In fact, the situation is so bad that a recent survey found that 37% of all backup jobs and 34% of data restores fail. In practice, this means that almost one-third of worldwide backups are useless. This can easily become any organization’s worst nightmare. Incidents are bound to happen in IT operations and, when they do, you are going to have to recover data.
Why is this happening? While the root cause can vary, one of the biggest challenges of today’s backup requirements is the staggering size of data. Data is scaling up into the petabytes at many enterprise organizations, and the old backup methods can’t work at that scale. Therefore, organizations must urgently reevaluate their backup strategy, processes, and technology capabilities.
While the rapidly growing volume of data plays a key role in the lack of reliability of backup jobs, there are many pitfalls that are commonly associated with failed backups—independently of their size—that every storage admin should be aware of. Let’s take a look at each of them below.
Every admin that ever planned and implemented a backup process needs to indubitably address the question: When should the backup job execute? Finding the optimal backup window—the ideal time slot to back up your system and its data—is a challenge. Choosing the wrong backup window (e.g., when the system is being heavily utilized by customers) is a common cause of failed backup jobs. Moreover, executing a backup job at the wrong time often creates constraints on your system by negatively affecting its performance and depriving it of the bandwidth needed to serve customer requests.

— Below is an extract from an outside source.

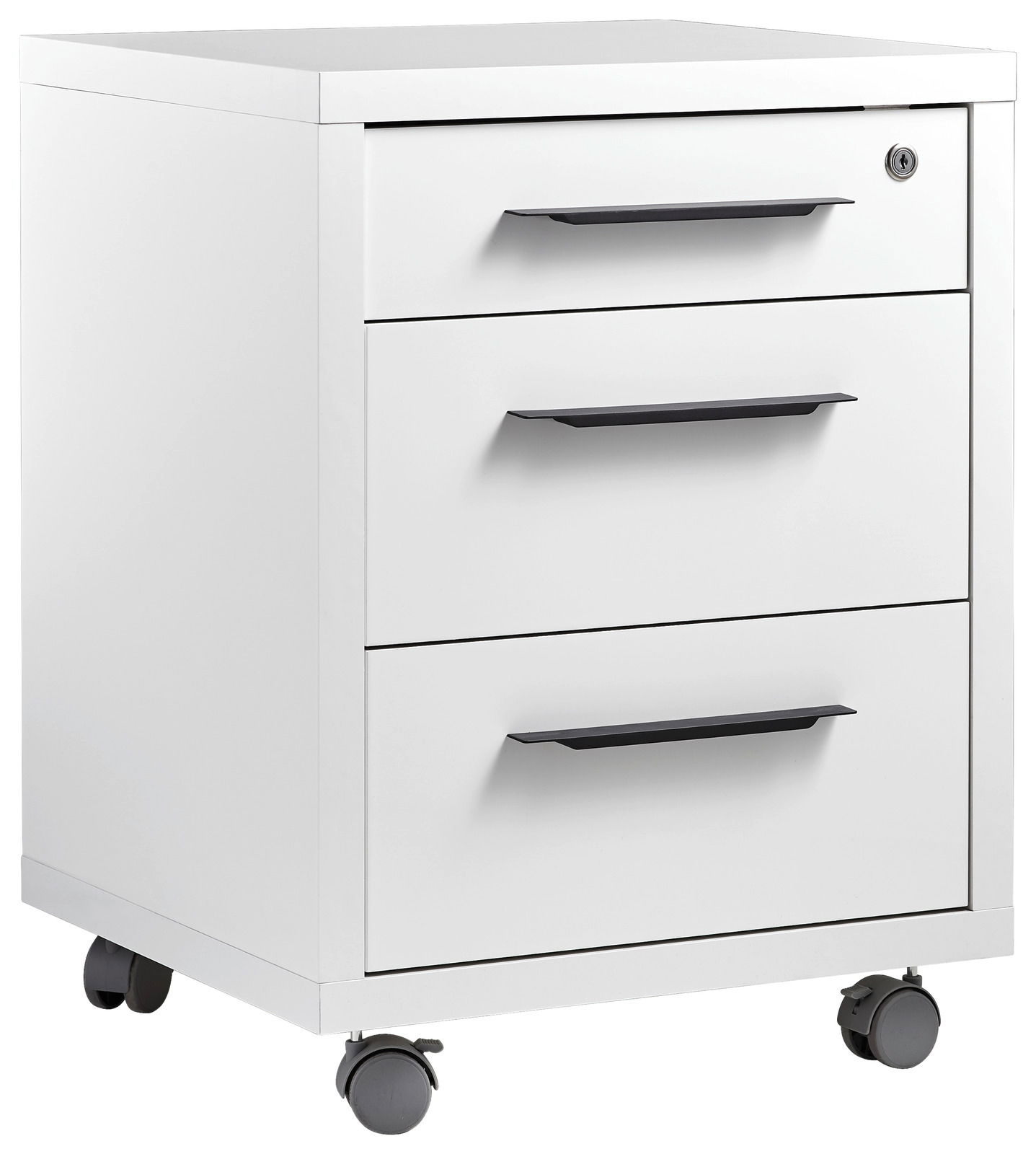 XORA Rollcontainer DIVINO Weißer Rollcontainer mit drei Schubladen und schwarzen Griffen, seitliche Perspektive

Finding the time window that will have the least impact on system performance, such as non-peak hours, and shortening the time it takes to complete the backup are key to success. Furthermore, it’s worth noting that a similar challenge can occur during the backup restore process. Even with backups properly executed, if the time it takes to retrieve and restore the system is too long and complicated, the usefulness of the backup solution is highly questionable.

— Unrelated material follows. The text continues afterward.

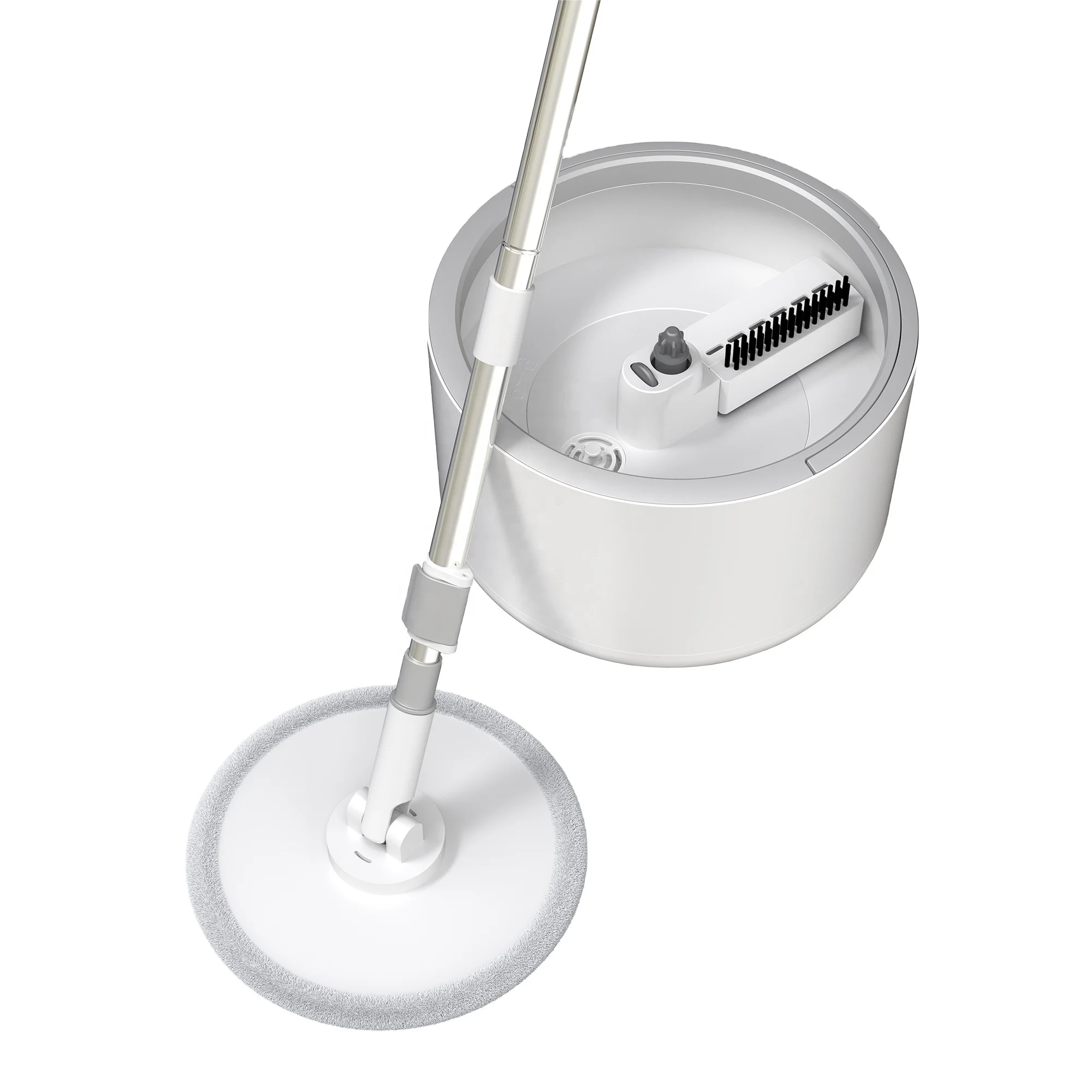 

Stainless Steel Pole Handle Removable Spin Dry Magic Microfiber Mop with Bucket Cleaning Mop, White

A traditional technology that comes to mind when thinking about enterprise backup solutions is tape cartridges and other magnetic storage devices. Seasoned IT specialists can fondly remember how easy it is for information stored on magnetic devices to be corrupted and how sensitive it is to handle that hardware.
Thankfully, technology has evolved, but even some modern solutions have their pitfalls. One simple, yet very problematic, issue that applies to any technology is storage capacity. Ensuring that the backup solution has an adequate storage capacity to handle the volume of data and the frequency of backup jobs is incredibly important but often overlooked.

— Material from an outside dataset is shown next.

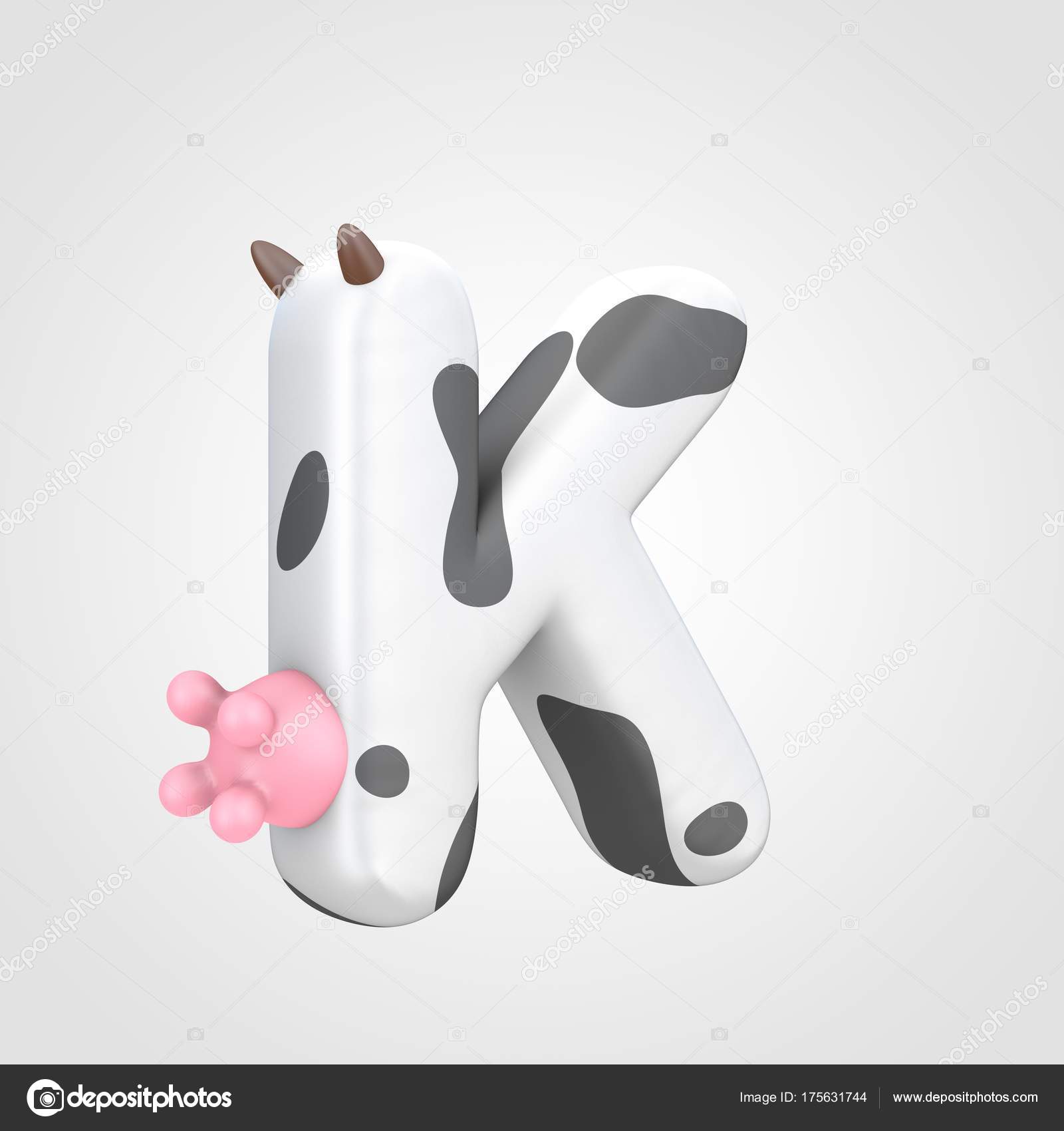 Download Animalistic Design Alphabet Font Cow Udder Spotted Bovine ...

While cloud-based backup solutions, with nearly infinite storage capacity, are able to cope with demanding growth needs, it’s important to consider their costs. Defining a proper backup retention policy and making sure that newer backups can be performed is always crucial, regardless of the technology chosen.
Then there is the issue of unpredictable costs for a system backup and restore. This is a common challenge that drives many organizations to over-optimize their backup solution to make it affordable and lower running costs. This mindset is a trap that often gives the illusion of protection, while in reality you might end up spending several times more the operational cost of the system being protected. Or, because of poorly optimized configurations, this approach may not let you recover data when it is actually needed.
When designing a backup strategy, people often only consider risks and incidents that might occur in the digital realm. Our minds are immediately drawn to scenarios where the company hardware servers (or virtual instances) might fail, or malicious attackers compromise the systems we are trying to protect. While these are valid risk scenarios, we often overlook the world's physical threats to—and their implications for—our organization’s operations.
A common pitfall in failed backup jobs is the location we choose to store data. Not having a backup copy in an off-site location (e.g., another cloud region or corporate office) is especially challenging in situations where natural disasters, or even just a prolonged power failure, affect the data center or geographical area where the system and backups are operating. It is worth noting that these incidents are not as unusual and far-fetched as one might think. Even the top public cloud providers experience these types of outages. The best backup solution and process won’t be able to help you if it’s inaccessible along with the system it's protecting.
One important factor to consider, both with on-site and off-site backups, is the security measures that are applied to that data and process. When malicious attacks are targeting the data you are protecting, one possible attack vector is trying to access and compromise your backups. Another common mistake is to invest a significant effort in tightly protecting a system but overlooking its backups. If the system is encrypted but the backup data is not, that makes it possible and likely that an attacker will attempt to compromise, exfiltrate, and perhaps leak the information they seek via the organization’s backup solution.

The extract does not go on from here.